<ANN> TeSLa, a Domain Specific Language for Unit Testing

Hi
I just posted version 0.1.0 of TeSLa, a Domain Specific Language (DSL)
for Unit Testing.
You can download TeSLa along with a small example script from
http://theniceweb.com/projects/tesla/tesla.zip (zip)
or here
http://theniceweb.com/projects/tesla/tesla.tar.gz (tar.gz)
I also posted a small article/tutorial explaining the rationale and use
of TeSLa here
http://www.theniceweb.com/JaviersBlog/2005/10/tesla-test-specific-language-for-ruby.html

javierg1975@gmail.com wrote:

Hi
I just posted version 0.1.0 of TeSLa, a Domain Specific Language (DSL)
for Unit Testing.
You can download TeSLa along with a small example script from
http://theniceweb.com/projects/tesla/tesla.zip (zip)
or here
http://theniceweb.com/projects/tesla/tesla.tar.gz (tar.gz)
I also posted a small article/tutorial explaining the rationale and use
of TeSLa here
http://www.theniceweb.com/JaviersBlog/2005/10/tesla-test-specific-language-for-ruby.html

This looks quite interesting.

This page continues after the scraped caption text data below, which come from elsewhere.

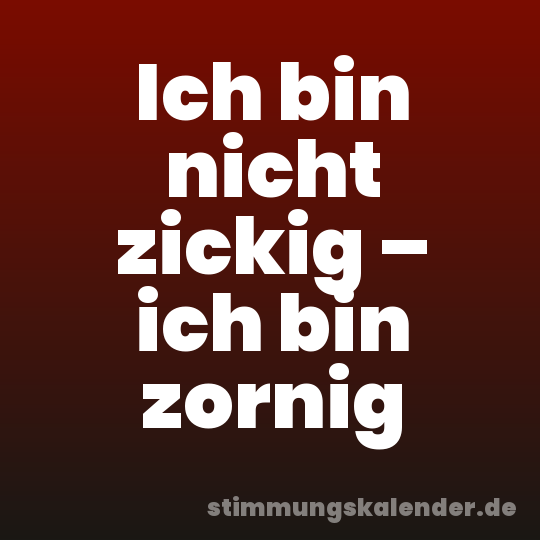 Ich bin nicht zickig – ich bin zornig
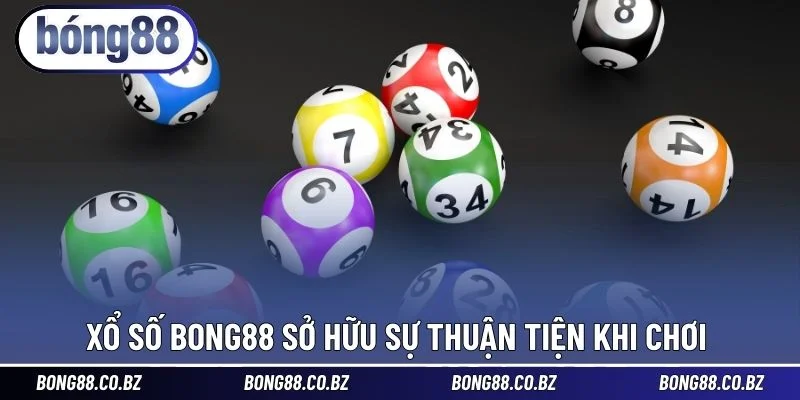 Xổ Số BONG88 sở hữu sự thuận tiện khi chơi 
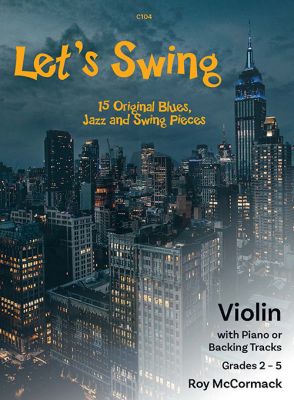 McCormack Let's Swing for Violin and Piano Book with Audio Online (Gardes 2-5)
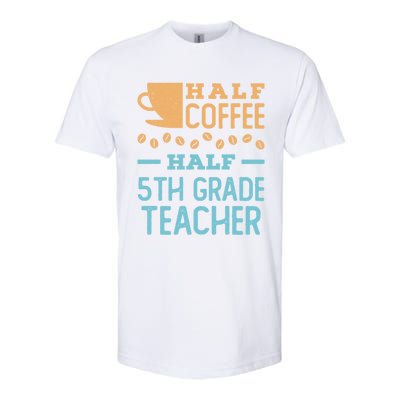 Half Coffee Half 5Th Grade Teacher Appreciation Gift Softstyle CVC T-Shirt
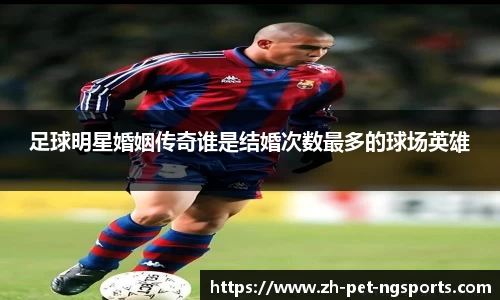 足球明星婚姻传奇谁是结婚次数最多的球场英雄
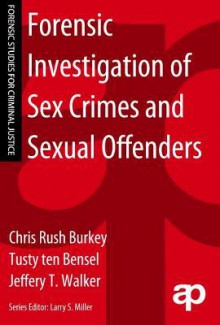 Forensic Investigation of Sex Crimes and Sexual Offenders - L Christine Rush Burkey, Tusty Ten Bensel, Jeffery Walker, Larry Miller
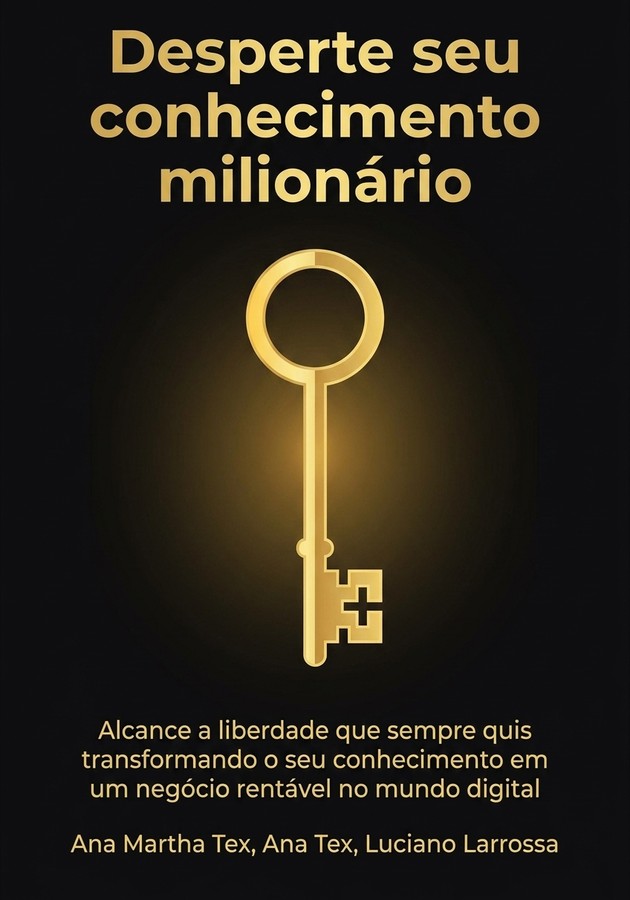 Capa do livro Desperte seu conhecimento milionário, de Ana Tex — resumo e resenha crítica no 12min
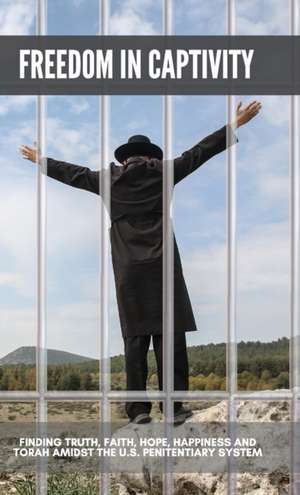Freedom in Captivity de Matisyahu Manin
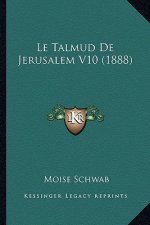 Le Talmud De Jerusalem V10 (1888)
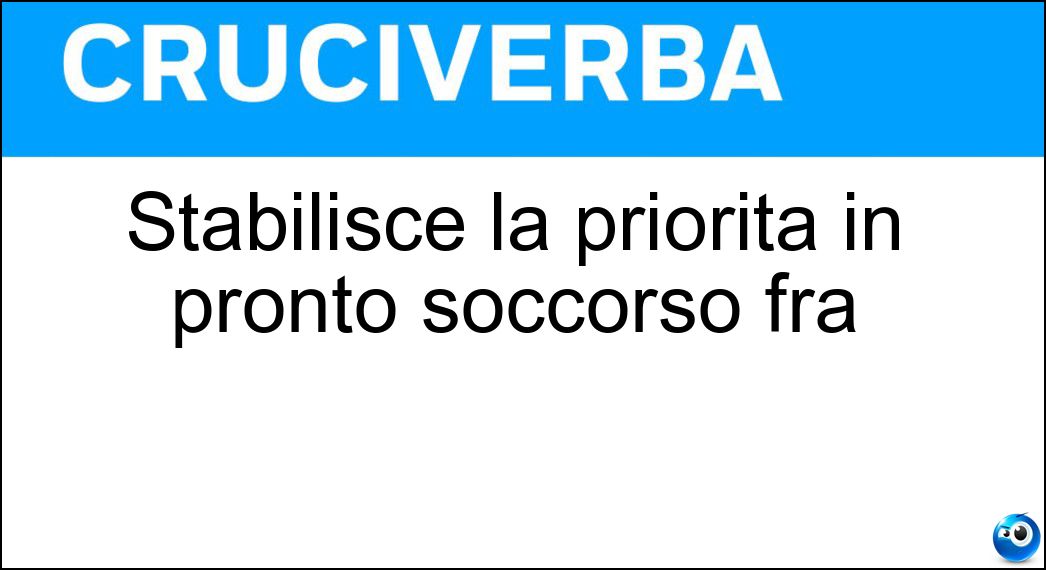 Stabilisce la priorità in pronto soccorso fra Soluzione Cruciverba: Stabilisce la priorità in pronto soccorso fra - Risposta Triage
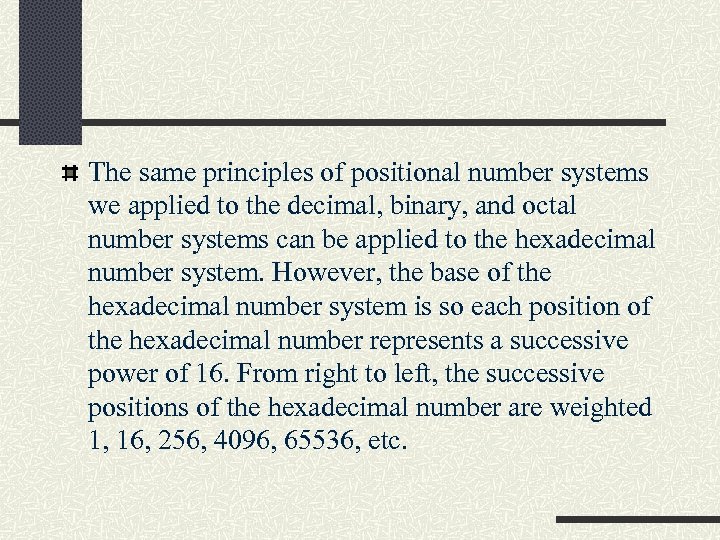 The same principles of positional number systems we applied to the decimal, binary, and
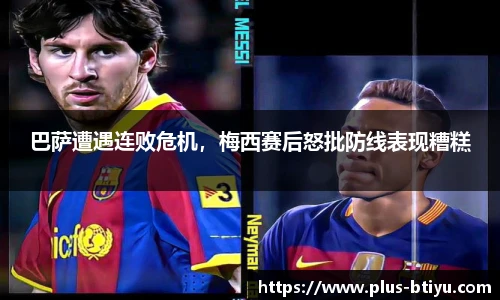 巴萨遭遇连败危机，梅西赛后怒批防线表现糟糕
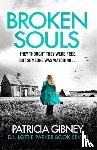 Gibney, Patricia - Broken Souls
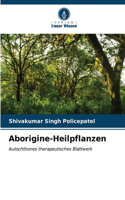 Aborigine-Heilpflanzen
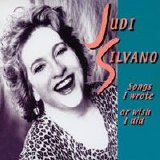 Judi Silvano - Songs I Wrote Or Wish I Did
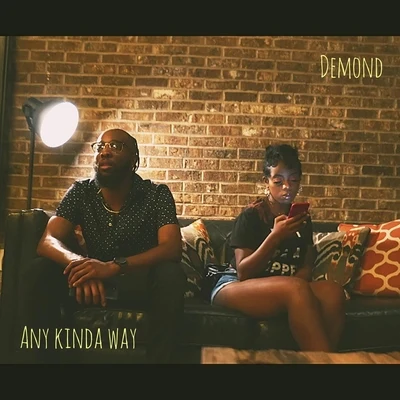 Any Kinda Way 專輯 Demond/Sef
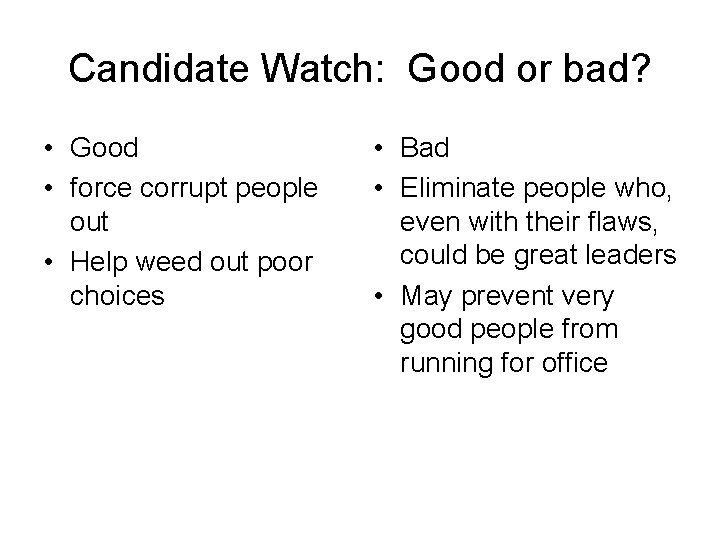 Candidate Watch: Good or bad? • Good • force corrupt people out • Help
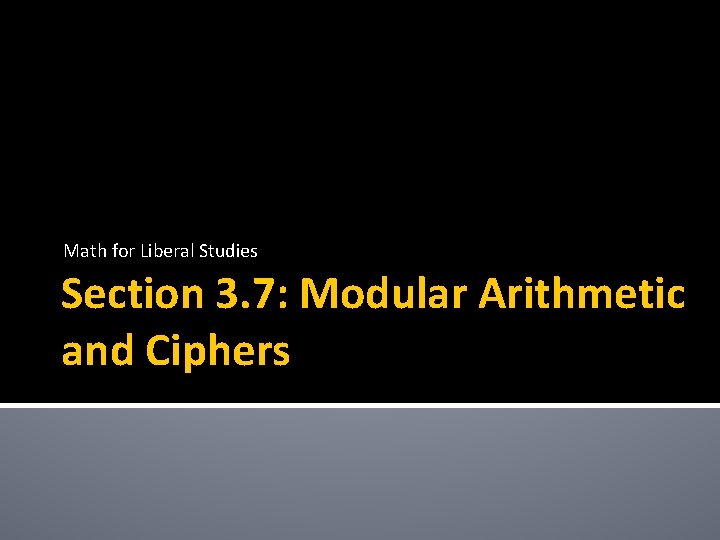 Math for Liberal Studies Section 3. 7: Modular Arithmetic and Ciphers 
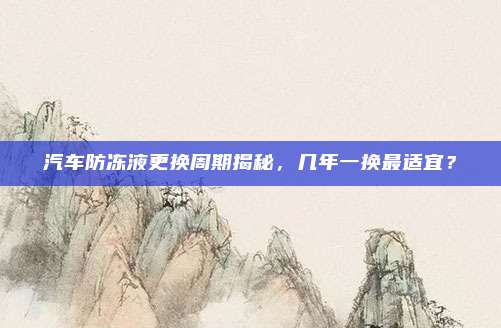 汽车防冻液更换周期揭秘，几年一换最适宜？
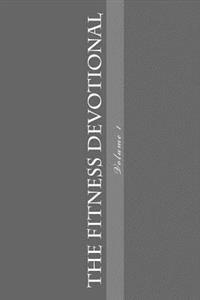 The Fitness Devotional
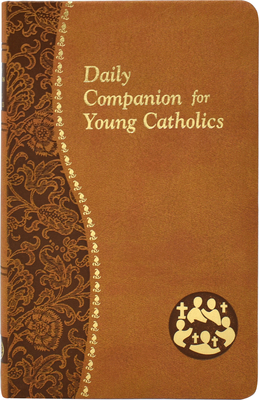 Daily Companion for Young Catholics: Minute Meditations for Every Day Containing a Scripture, Reading, a Reflection, and a Prayer Cover Image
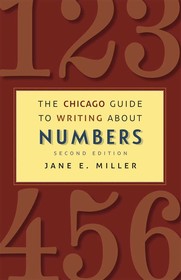 The Chicago Guide to Writing about Numbers 2e: Second Edition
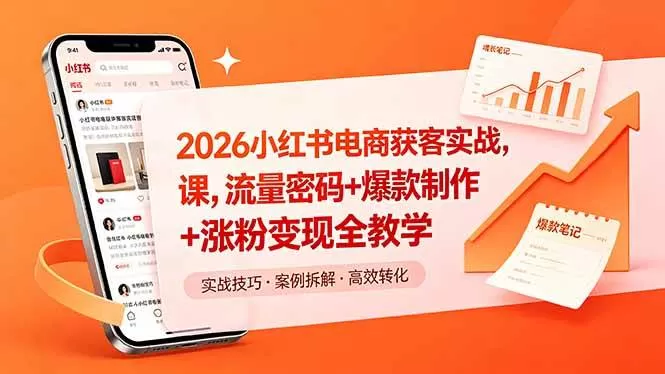（18525期）2026小红书电商获客实战课，流量密码+爆款制作+涨粉变现全教学
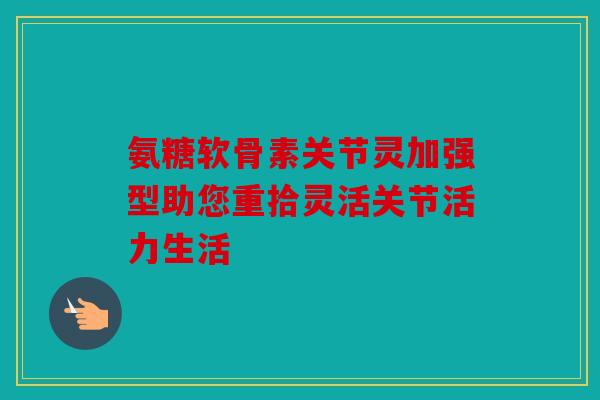氨糖软骨素关节灵加强型助您重拾灵活关节活力生活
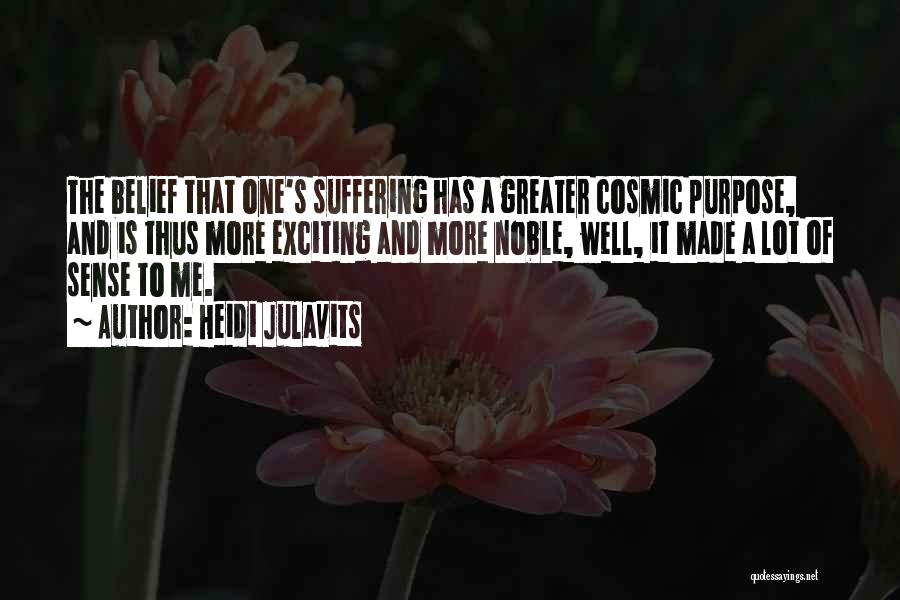 Heidi Julavits Quotes: The Belief That One's Suffering Has A Greater Cosmic Purpose, And Is Thus More Exciting And More Noble, Well, It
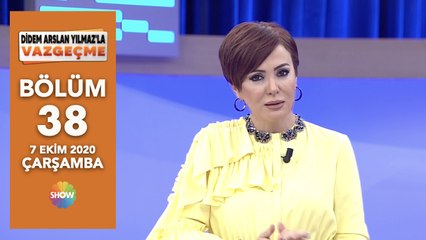 Didem Arslan Yılmaz'la Vazgeçme 38. Bölüm | 7 Ekim 2020
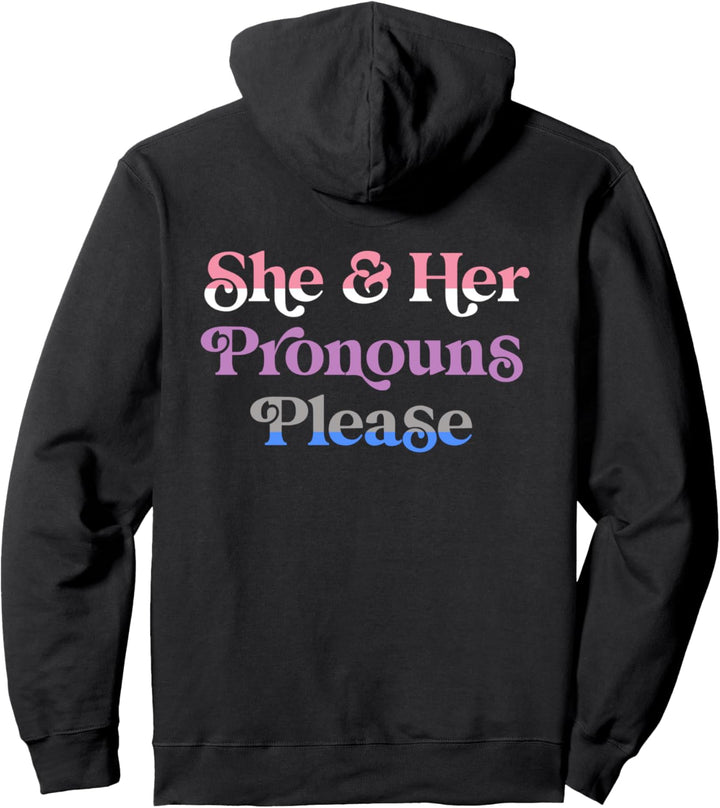 She & Her Pronouns Please Genderfluid LGBTQIA Pride Flag Pullover Hoodie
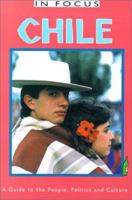 Chile in Focus: A Guide to the People, Politics and Culture (In Focus Guides) 1566564379 Book Cover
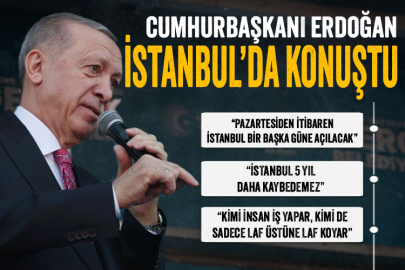 Cumhurbaşkanı Erdoğan: Pazartesi İstanbul bir başka güne açılacak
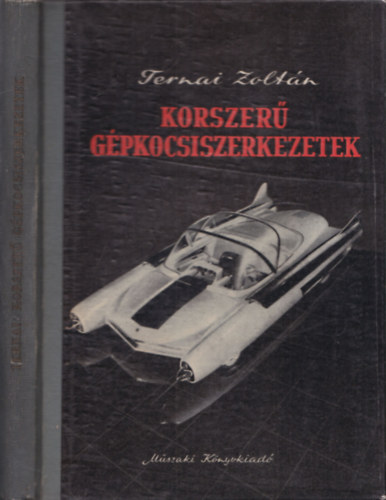 Korszer� g�pkocsiszerkezetek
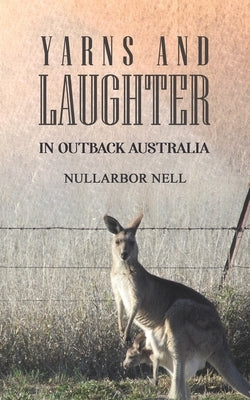 Yarns and Laughter by Nell, Nullarbor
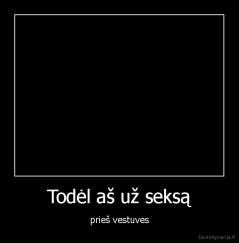 Todėl aš už seksą - prieš vestuves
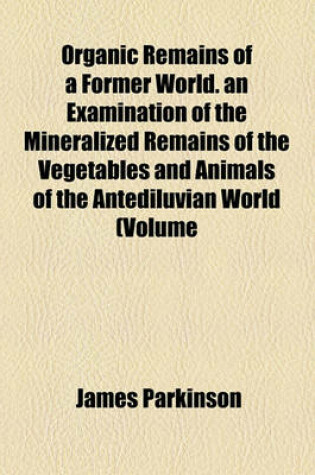 Cover of Organic Remains of a Former World. an Examination of the Mineralized Remains of the Vegetables and Animals of the Antediluvian World (Volume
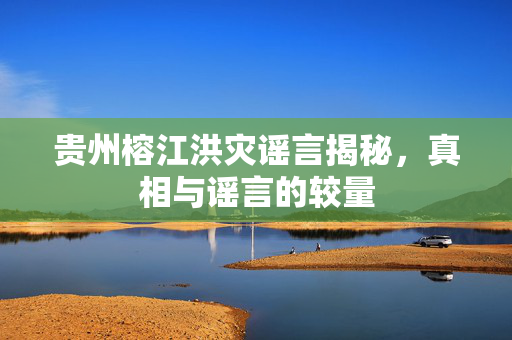 贵州榕江洪灾谣言揭秘，真相与谣言的较量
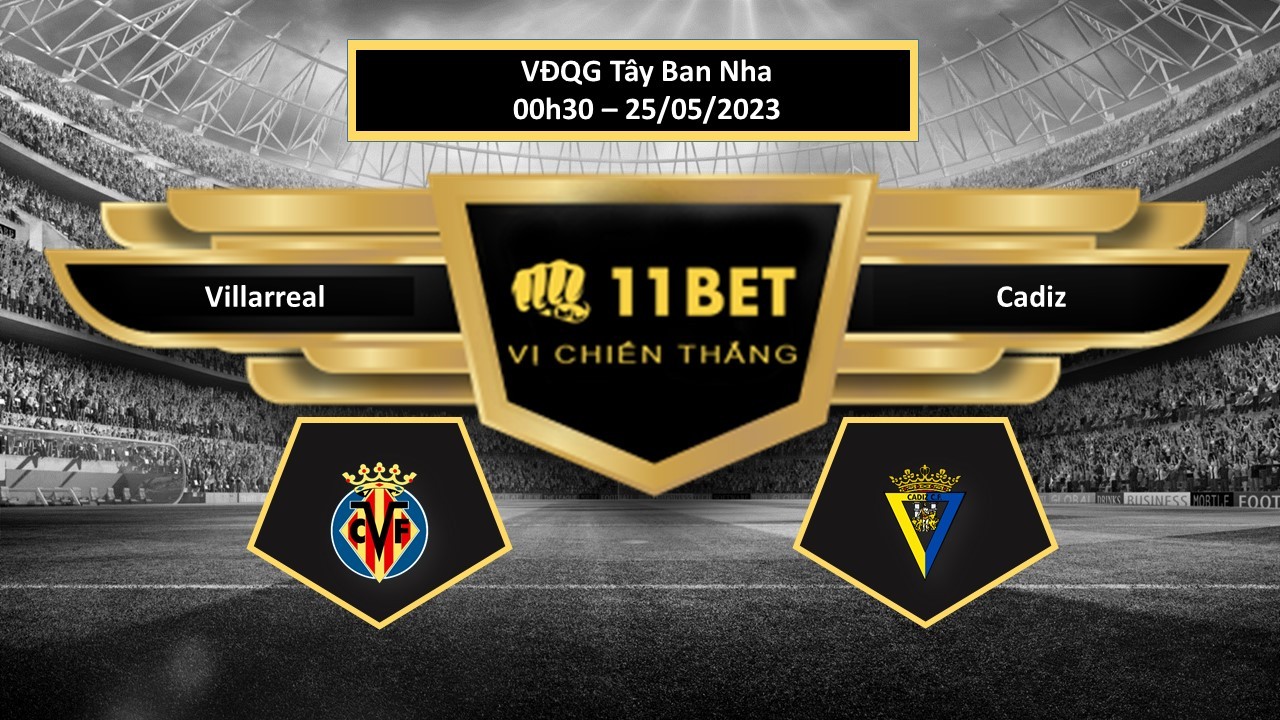 11BET Tip bóng đá   Villarreal vs Cadiz, hôm nay 25/05/2023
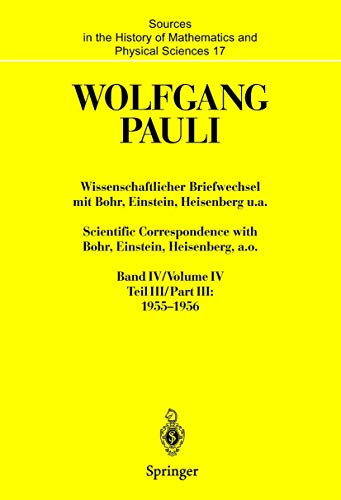 Beispielbild fr Wissenschaftlicher Briefwechsel mit Bohr, Einstein, Heisenberg u.a. Band IV, Teil III: 1955 1956. Scientific Correspondence with Bohr, Einstein. Sciences (German and English Edition) zum Verkauf von suspiratio - online bcherstube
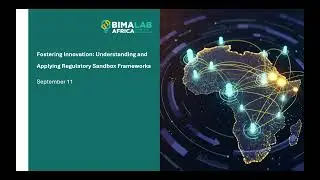 Fostering Innovation: Understanding and Applying Regulatory Sandbox Frameworks - Session 3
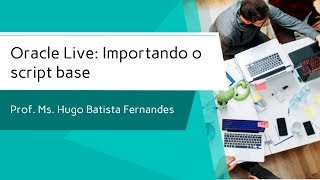 Oracle live importando o script base [upl. by Danialah]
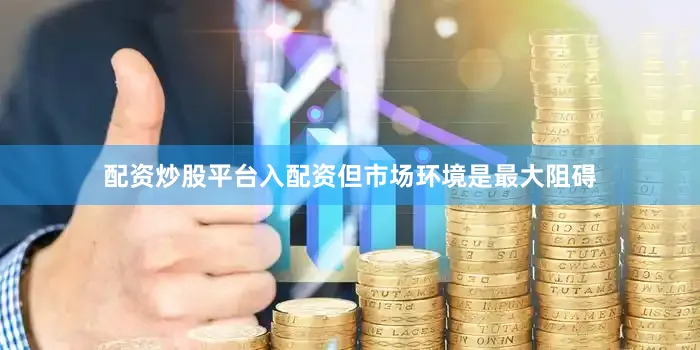 配资炒股平台入配资但市场环境是最大阻碍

Two questions:

1. How does this compare to behavior-driven development?

http://daveastels.com/index.php?p=5

2. The TeSLa docs give this example, comparing Test::Unit and TesLa:

class TestCatalog < Test::Unit::TestCase
  def test_add_item
   catalog = Catalog.new()
   catalog.items = [:item1, :item2, :item3]
   catalog.add_item :item4
   assert_equal(catalog.size, 4, "length should be 4")
  end
end

would look like this in TeSLa

test_method :add_item => [:item4] do
  requires {@items = [:item1, :item2, :item3]}
  assert {size == 4}
end

How does the TeSLa version know what :item4 is for, or where it goes, or what 'size' refers to? The example has no reference to Catalog; how does the code know to test that class?